Excuse me, but I would rather say they are passive participles of the verb leanyen (to interest)
I think that few people would say "ani meshuamam" (I am bored). Most speakers would use a more colloquial expression "meshaamem li" ("it's boring to me", which is a calque from Russian).
My two cents.


----------



## elroy

pachyderm said:


> A correction:
> "Bored" is spelled מְשֻעְמָם, perhaps historically pronounced [Meshuעmam], but in modern Hebrew pronounced [Meshuamam] (no glottal stop between u and a). Similarly "Boring" is pronounced [Meshaamem].


The apostrophe was supposed to represent the dropping of the ע sound, not a glottal stop.


> (And again, [me*u*nyan], not [meonyan])


 Thanks for the correction.


scriptum said:


> Excuse me, but I would rather say they are passive participles of the verb leanyen (to interest)


 Yes, they are past participles, but they are also adjectives.

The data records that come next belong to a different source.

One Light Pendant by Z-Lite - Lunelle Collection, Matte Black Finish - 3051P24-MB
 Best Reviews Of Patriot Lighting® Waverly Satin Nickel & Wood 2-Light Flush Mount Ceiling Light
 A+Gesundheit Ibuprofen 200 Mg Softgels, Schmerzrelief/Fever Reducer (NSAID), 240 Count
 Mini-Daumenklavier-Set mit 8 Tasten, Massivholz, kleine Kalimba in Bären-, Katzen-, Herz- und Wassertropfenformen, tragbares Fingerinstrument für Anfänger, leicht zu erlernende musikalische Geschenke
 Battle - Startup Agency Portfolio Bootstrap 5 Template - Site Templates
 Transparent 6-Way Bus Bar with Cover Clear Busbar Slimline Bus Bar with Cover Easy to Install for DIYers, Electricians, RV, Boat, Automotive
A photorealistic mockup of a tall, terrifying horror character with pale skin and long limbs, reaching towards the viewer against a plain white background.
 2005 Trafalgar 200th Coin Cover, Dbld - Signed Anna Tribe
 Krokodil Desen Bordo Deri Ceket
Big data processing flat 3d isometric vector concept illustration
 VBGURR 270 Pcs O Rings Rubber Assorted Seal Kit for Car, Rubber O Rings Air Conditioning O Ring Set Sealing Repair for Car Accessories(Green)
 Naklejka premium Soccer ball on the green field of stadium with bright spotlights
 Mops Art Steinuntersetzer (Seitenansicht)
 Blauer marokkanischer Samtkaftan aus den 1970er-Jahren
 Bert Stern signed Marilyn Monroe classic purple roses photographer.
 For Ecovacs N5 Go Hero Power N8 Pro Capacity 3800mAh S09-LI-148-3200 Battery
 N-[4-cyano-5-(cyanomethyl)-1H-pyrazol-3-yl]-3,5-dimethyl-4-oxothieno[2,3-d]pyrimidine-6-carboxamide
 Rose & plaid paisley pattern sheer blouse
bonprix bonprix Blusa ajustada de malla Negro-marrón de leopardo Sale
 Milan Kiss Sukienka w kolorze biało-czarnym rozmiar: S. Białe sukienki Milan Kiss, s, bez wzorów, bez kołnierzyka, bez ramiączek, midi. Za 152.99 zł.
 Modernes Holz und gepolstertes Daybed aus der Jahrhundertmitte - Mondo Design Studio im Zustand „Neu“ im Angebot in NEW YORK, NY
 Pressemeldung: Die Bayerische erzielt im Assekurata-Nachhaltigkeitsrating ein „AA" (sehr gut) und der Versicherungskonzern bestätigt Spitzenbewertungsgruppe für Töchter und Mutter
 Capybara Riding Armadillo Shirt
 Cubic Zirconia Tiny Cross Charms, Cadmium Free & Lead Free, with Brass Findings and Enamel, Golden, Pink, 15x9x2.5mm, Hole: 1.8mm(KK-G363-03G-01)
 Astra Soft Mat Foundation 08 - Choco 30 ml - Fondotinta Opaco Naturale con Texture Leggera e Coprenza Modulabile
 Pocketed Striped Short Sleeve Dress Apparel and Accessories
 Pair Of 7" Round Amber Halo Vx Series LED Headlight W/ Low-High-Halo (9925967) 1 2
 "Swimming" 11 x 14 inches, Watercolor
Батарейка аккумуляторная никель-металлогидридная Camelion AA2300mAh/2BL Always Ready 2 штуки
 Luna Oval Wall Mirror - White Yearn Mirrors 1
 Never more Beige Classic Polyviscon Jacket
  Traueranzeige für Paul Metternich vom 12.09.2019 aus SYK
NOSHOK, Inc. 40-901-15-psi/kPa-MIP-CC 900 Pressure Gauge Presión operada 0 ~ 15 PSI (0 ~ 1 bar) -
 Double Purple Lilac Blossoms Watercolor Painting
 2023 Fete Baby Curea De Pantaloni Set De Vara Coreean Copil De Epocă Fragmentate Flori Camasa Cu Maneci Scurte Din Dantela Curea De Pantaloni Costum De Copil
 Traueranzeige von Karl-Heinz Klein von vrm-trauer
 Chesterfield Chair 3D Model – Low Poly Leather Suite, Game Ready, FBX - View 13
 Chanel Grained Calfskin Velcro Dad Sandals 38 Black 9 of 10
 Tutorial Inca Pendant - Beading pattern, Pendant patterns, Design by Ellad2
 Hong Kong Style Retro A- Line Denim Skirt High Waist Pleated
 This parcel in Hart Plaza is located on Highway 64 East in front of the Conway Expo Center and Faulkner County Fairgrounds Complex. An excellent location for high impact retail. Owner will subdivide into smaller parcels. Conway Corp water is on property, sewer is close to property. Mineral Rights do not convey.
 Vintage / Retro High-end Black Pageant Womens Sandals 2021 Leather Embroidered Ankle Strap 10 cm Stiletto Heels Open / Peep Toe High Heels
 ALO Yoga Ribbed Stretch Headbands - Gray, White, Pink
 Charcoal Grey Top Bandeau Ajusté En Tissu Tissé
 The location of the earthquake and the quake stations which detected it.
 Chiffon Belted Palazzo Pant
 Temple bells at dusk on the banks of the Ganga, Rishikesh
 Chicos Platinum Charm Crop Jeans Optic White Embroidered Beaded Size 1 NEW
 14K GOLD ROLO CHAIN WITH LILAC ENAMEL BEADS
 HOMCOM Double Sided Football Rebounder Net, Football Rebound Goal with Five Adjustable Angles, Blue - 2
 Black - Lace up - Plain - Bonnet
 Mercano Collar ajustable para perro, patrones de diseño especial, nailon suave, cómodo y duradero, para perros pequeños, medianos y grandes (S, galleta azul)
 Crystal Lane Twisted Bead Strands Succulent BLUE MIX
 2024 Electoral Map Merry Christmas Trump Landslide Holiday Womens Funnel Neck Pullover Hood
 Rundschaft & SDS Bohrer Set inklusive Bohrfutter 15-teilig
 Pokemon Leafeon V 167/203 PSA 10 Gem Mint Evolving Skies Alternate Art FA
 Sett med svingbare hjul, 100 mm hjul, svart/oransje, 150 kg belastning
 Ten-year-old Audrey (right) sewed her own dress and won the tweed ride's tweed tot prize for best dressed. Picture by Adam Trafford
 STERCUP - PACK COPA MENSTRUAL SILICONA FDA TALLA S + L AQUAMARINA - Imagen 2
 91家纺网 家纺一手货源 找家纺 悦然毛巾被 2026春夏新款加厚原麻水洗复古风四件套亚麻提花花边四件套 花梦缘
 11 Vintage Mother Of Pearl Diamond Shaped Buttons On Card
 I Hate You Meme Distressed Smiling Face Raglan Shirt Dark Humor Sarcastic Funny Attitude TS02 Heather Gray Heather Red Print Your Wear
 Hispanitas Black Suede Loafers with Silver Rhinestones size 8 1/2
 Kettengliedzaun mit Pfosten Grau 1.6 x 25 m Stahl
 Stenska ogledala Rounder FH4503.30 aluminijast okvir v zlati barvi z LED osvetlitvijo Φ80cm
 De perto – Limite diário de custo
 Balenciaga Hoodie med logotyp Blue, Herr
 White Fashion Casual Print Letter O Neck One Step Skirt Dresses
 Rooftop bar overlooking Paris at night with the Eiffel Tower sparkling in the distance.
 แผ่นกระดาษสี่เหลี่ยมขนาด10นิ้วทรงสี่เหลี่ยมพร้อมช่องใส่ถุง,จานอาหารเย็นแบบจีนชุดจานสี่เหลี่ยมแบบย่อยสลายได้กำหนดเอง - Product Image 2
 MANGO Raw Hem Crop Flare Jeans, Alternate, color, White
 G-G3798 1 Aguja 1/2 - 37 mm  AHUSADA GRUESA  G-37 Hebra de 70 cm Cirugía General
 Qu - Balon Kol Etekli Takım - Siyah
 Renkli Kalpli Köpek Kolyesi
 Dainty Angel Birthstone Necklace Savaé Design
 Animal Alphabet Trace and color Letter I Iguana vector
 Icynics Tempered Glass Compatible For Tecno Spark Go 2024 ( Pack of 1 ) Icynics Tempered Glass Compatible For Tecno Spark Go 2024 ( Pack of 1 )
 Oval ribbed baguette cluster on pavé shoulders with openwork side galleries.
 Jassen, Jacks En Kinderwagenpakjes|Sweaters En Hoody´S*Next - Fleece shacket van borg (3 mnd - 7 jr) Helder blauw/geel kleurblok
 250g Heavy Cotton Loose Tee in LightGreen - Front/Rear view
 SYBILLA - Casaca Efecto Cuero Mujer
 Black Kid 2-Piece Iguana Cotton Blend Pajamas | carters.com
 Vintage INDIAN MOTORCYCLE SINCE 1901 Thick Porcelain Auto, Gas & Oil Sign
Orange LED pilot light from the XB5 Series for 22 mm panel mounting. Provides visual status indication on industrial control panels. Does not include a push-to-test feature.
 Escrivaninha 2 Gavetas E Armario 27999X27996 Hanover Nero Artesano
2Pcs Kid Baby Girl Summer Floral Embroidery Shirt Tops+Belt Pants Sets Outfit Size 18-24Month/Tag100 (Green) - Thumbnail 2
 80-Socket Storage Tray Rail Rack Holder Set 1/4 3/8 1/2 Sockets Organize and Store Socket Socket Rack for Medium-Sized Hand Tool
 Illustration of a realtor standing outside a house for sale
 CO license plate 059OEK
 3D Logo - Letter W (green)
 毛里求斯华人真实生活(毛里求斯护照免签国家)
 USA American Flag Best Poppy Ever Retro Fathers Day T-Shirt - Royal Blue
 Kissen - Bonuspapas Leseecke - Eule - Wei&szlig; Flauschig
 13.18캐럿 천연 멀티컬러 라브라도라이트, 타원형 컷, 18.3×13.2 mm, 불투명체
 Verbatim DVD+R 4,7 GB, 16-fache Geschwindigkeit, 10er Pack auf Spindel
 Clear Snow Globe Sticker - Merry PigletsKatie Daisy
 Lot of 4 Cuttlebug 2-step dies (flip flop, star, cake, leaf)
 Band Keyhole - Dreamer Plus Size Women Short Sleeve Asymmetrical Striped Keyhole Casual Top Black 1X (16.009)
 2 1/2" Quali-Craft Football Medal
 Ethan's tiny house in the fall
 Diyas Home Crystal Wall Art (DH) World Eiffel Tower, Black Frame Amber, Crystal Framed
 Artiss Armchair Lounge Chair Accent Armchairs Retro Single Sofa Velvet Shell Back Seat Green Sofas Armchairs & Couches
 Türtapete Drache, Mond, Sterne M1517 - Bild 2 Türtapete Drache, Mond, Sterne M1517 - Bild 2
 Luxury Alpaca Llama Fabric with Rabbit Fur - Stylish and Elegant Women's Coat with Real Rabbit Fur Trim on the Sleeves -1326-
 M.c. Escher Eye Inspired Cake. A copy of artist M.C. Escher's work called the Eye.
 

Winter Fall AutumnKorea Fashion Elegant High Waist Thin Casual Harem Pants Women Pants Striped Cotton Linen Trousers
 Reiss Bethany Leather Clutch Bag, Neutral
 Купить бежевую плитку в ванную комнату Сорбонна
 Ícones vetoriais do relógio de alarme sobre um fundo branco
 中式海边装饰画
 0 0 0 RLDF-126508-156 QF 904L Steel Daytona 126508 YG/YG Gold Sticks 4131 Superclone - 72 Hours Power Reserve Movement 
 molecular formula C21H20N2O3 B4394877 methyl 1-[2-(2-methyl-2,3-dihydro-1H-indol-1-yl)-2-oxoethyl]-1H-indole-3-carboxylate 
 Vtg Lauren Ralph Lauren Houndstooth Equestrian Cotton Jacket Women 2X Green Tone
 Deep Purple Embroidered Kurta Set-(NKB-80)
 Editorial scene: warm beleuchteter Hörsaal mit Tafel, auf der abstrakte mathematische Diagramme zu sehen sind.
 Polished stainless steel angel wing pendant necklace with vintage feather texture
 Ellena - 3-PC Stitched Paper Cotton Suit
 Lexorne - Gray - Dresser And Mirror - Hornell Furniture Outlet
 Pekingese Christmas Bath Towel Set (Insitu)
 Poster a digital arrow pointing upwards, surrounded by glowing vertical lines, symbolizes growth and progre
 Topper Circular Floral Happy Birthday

> I think that few people would say "ani meshuamam" (I am bored). Most speakers would use a more colloquial expression "meshaamem li" ("it's boring to me", which is a calque from Russian).


 Correct, but the point was to show the difference between the present participle and the past participle.


----------



## girloncrack

I'm confused!


----------



## scriptum

girloncrack said:


> I'm confused!


Who isn't? What confuses you is probably the difference of pronunciation between people who came from different places. You will get used to it, just like everybody else...


----------



## Nunty

Girloncrack, there are two ways to say I am bored:
1. Mesha'amem li (משעמם לי) [this] bores me
2. Ani meshu'amam (אני משועמם) I am bored

(1) is the most common way of expressing this. Little kids say it their mothers all the time. 

Similarly, it is slightly more common to say (3) than (4):
3. ze ma'anyen oti (זה מעניין אותי) This interests me.
4. ani m'unyan b'ze (אני מעוניין בזה) I am interested in this

However, the preference of (3) over (4) is not, at least in my circles as great as the preference of (1) over (2).

Does that help at all?


----------



## pachyderm

In my judgment:

אני מעוניין בזה - in the sense of "I'd like", as in:
אני מעוניין להשיג את העבודה הזו / אני מעוניין בעבודה הזו
אני מעוניינת בבחור הזה
אני מעוניין לקנות טלפון אלחוטי

אני מתעניין בזה - in a subject matter, e.g:
אני מתעניינת בספרות צרפתית

If you find a class interesting you'd say:
השיעור מעניין אותי
And not:
אני מתעניין בשיעור*
*אני מעוניין בשיעור


----------